L’atteggiamento della Chiesa.

 

    Neppure la Chiesa cattolica seppe dare un significativo contributo di attenzione e di sollecitudine verso i gravi problemi sociali del paese e verso la condizione delle classi subalterne.

    Ancor  “ferita” per la perdita del potere temporale, in posizione ufficiale di “isolamento” rispetto alla vita politica (c’era stato il “non expedit” per i cittadini italiani di fede cattolica, cioè il dovere di astensione dalla vita politica nei confronti del nuovo Stato “usurpatore“), la Chiesa ebbe dapprima, con Leone XIII, una cauta apertura verso quella che veniva definita la “questione sociale”, ossia il primo irrompere delle classi subalterne sulla scena nazionale (Enciclica “Rerum Novarum”, Le cose nuove); ma con Pio X si tornò al peggiore conservatorismo, con la condanna di quelle correnti di pensiero cattolico che auspicavano un  avvicinamento del cristianesimo alla realtà dei nuovi tempi, espresse dal movimento - di cui fu ispiratore l’Abate Loisy -  chiamato “modernismo”, bollato dalla Chiesa come “sintesi di tutte le eresie”.

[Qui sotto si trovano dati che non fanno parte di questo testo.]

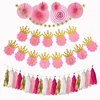 Favorable Price Promotional Party Decoration Kit With Pom Pom Paper Tassel Garland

    “Non stanchiamoci di ripetere che il Vangelo non era una dottrina assoluta o astratta che si potesse applicare in modo diretto a tutti i tempi e a tutti gli uomini per sua propria virtù. Era una fede vivente, impegnata sotto tutti gli aspetti nel tempo e nell’ambiente nel quale è nata. Un lavoro di adattamento è stato e sarà sempre necessario affinché questa fede si conservi nel mondo”.(Abate Alfred Loisy, biblista e storico delle religioni).